(Stored data entries)
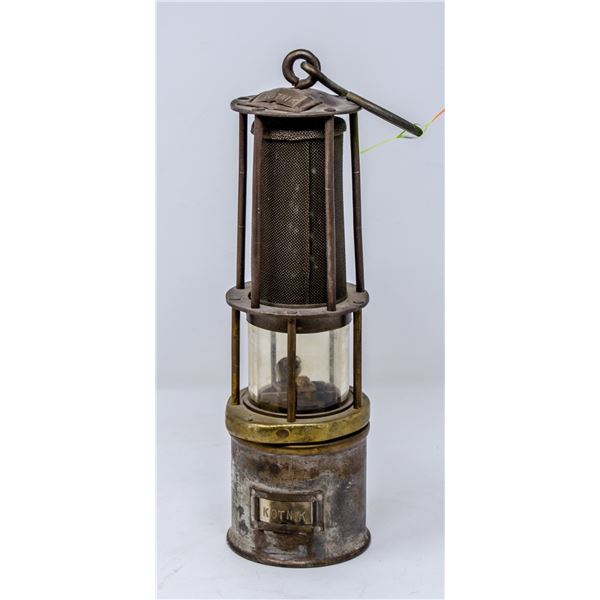 ANTIQUE BRASS MINERS LANTERN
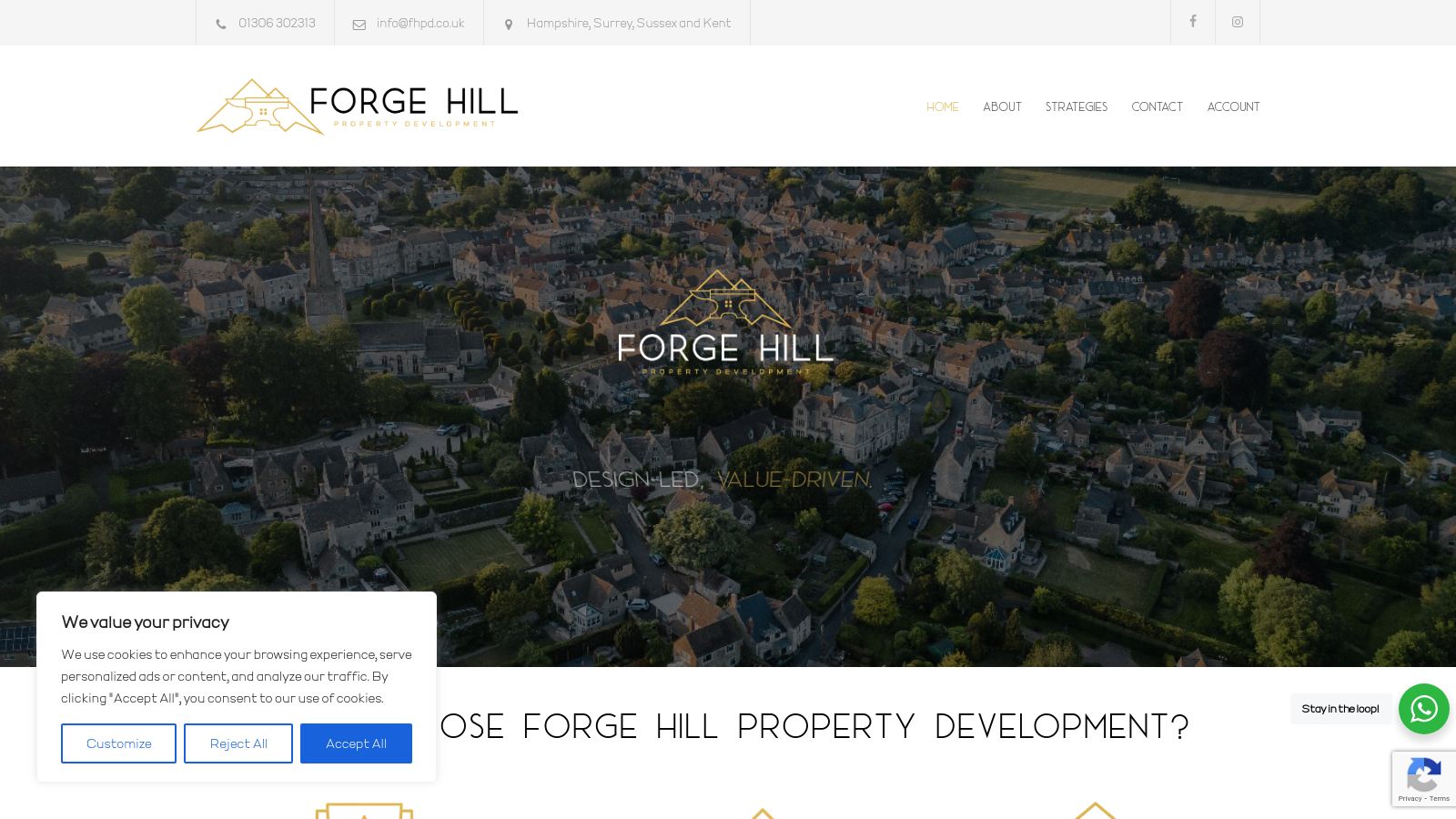 Forgehill Property Developments page preview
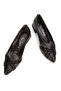 Stone Detailed Short Thick Heeled Comfortable Daily Evening Dress Shoes - 3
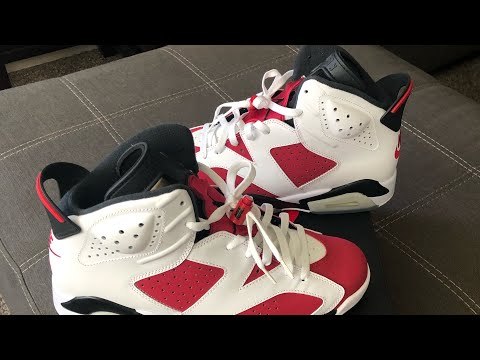 Air Jordan 6 Retro  Carmine  2021 (A1)
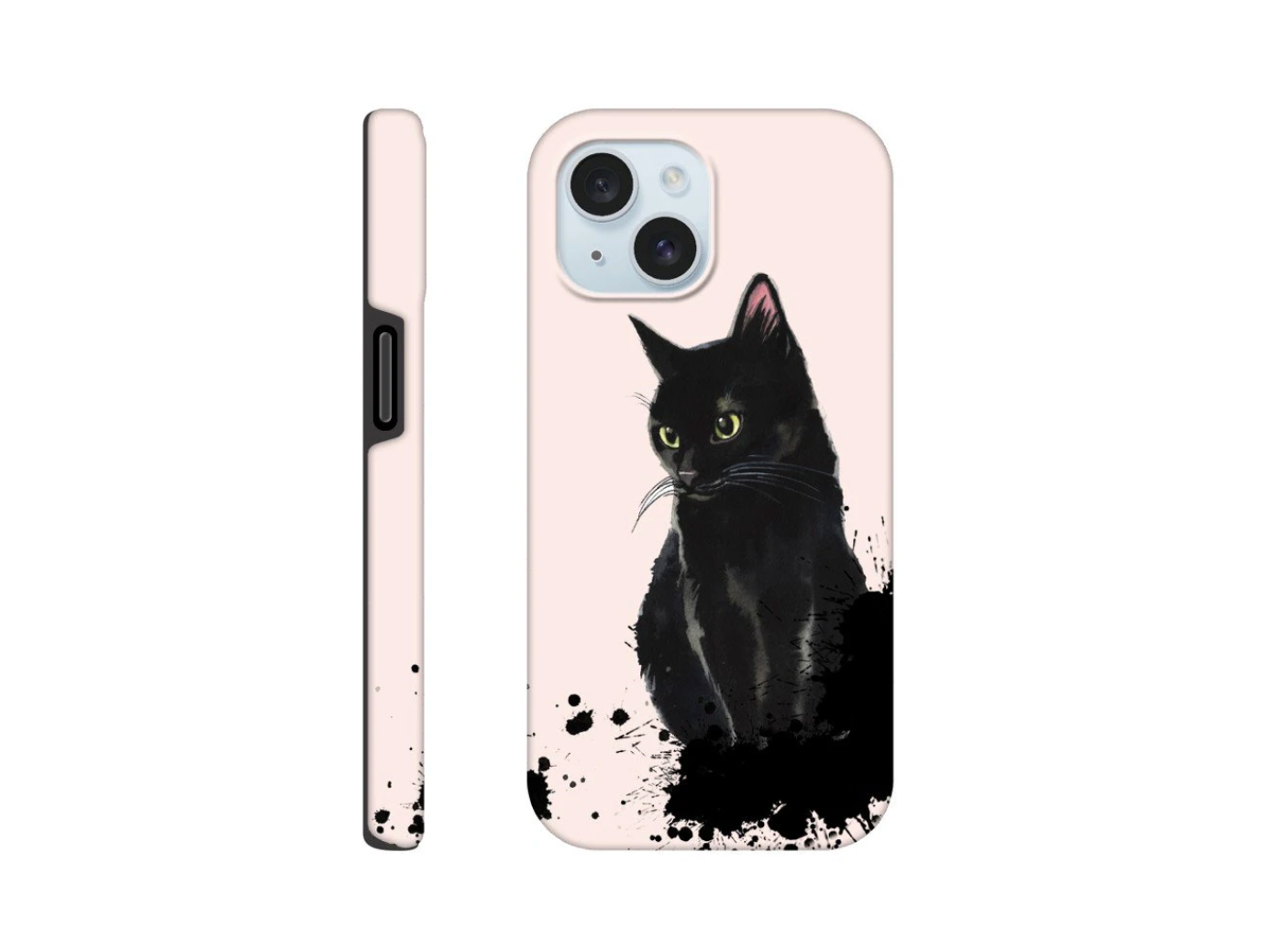 Black Cat Phone Case | Durable iPhone 15, 14, 13, 12 Cover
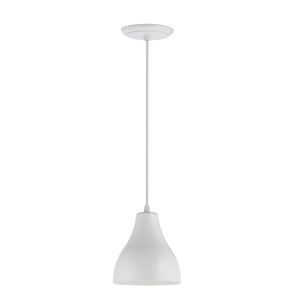 Pendente Dital 1 Lâmpada Loft E27 Branco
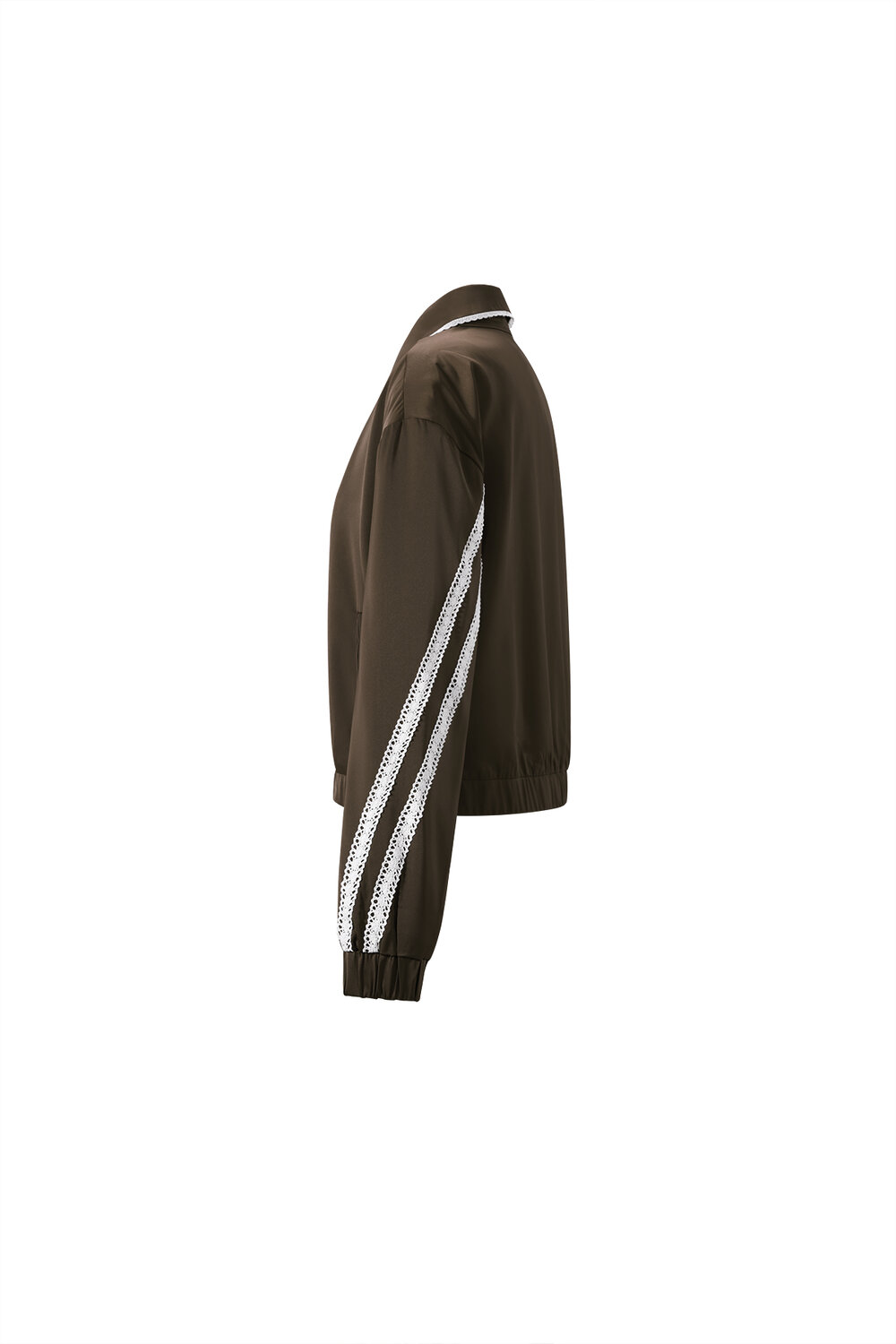 Woven Polyester Fiber Women's Jacket Sporty Color Clash 2-piece Set h5Picture4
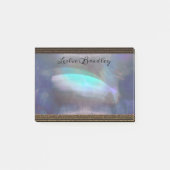 アドメニアブルーモノグラムエレガント ポストイット (正面)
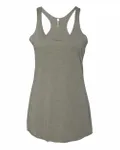 Next Level Apparel Ladies' Triblend Racerback Tank Venetian Grey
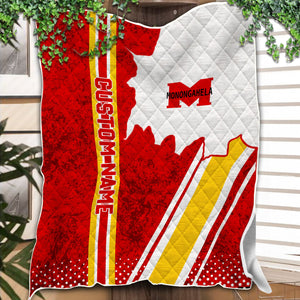 Railspirit Personalized Monongahela Railroad Premium Quilts Vintage All Over Printed Premium Quilts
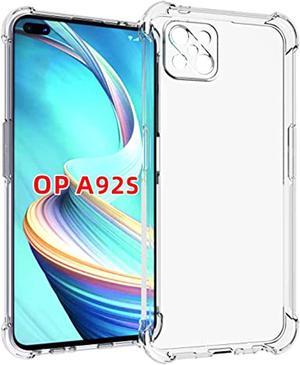 For Oppo A92s CaseReno 4Z 5G Case Clear Tpu Four Corners Cover Transparent Soft Funda
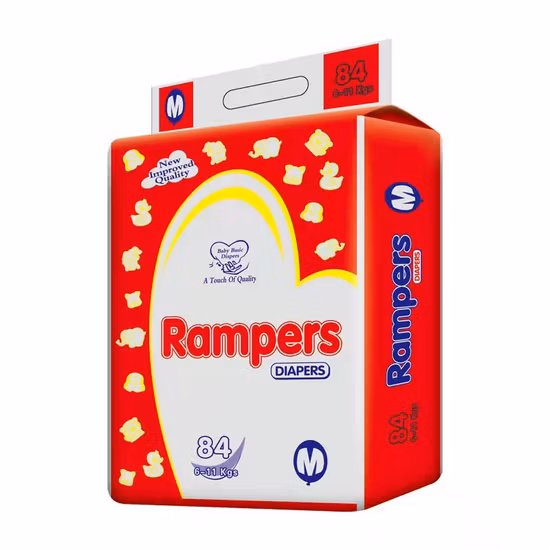 Babywindeln auf Lager, gute Qualität, sehr saugfähig, auf der Suche nach einem Händler, alle Größen, 6 Beutel in 1 Karton, Massenverkauf, Großhandelspreis, hohe Qualität, 6 USD pro Beutel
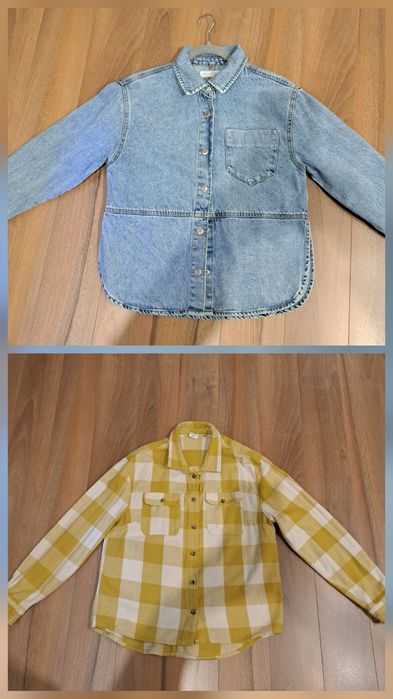 Geaca-cămașa Zara fete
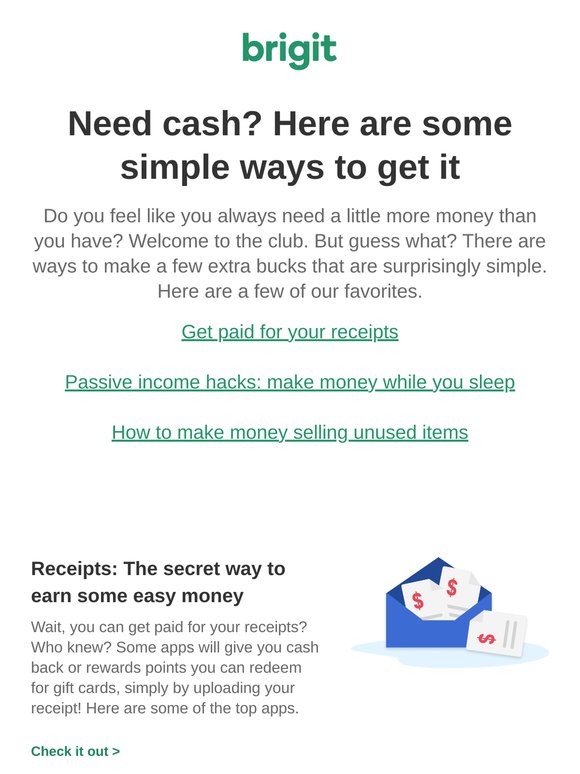 Ways to make extra money fast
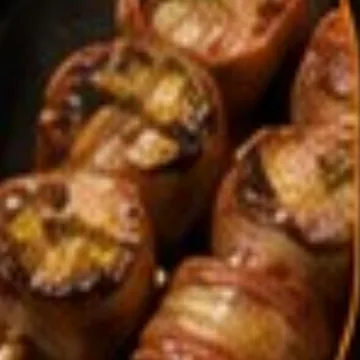 Medalhão de Alcatra com Bacon, servido no Ponto Certo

# WHAT TO PRODUCE
Text only, no pictures: please print exactly the lines above from the line with "Black Cat Phone" up to and including the line with "For Oppo A92s", and nothing else.

# OUTPUT BELOW
 Black Cat Phone Case | Durable iPhone 15, 14, 13, 12 Cover
 Pendente Dital 1 Lâmpada Loft E27 Branco
 Woven Polyester Fiber Women's Jacket Sporty Color Clash 2-piece Set h5Picture4
 アドメニアブルーモノグラムエレガント ポストイット (正面)
 Next Level Apparel Ladies' Triblend Racerback Tank Venetian Grey
 Railspirit Personalized Monongahela Railroad Premium Quilts Vintage All Over Printed Premium Quilts
 For Oppo A92s CaseReno 4Z 5G Case Clear Tpu Four Corners Cover Transparent Soft Funda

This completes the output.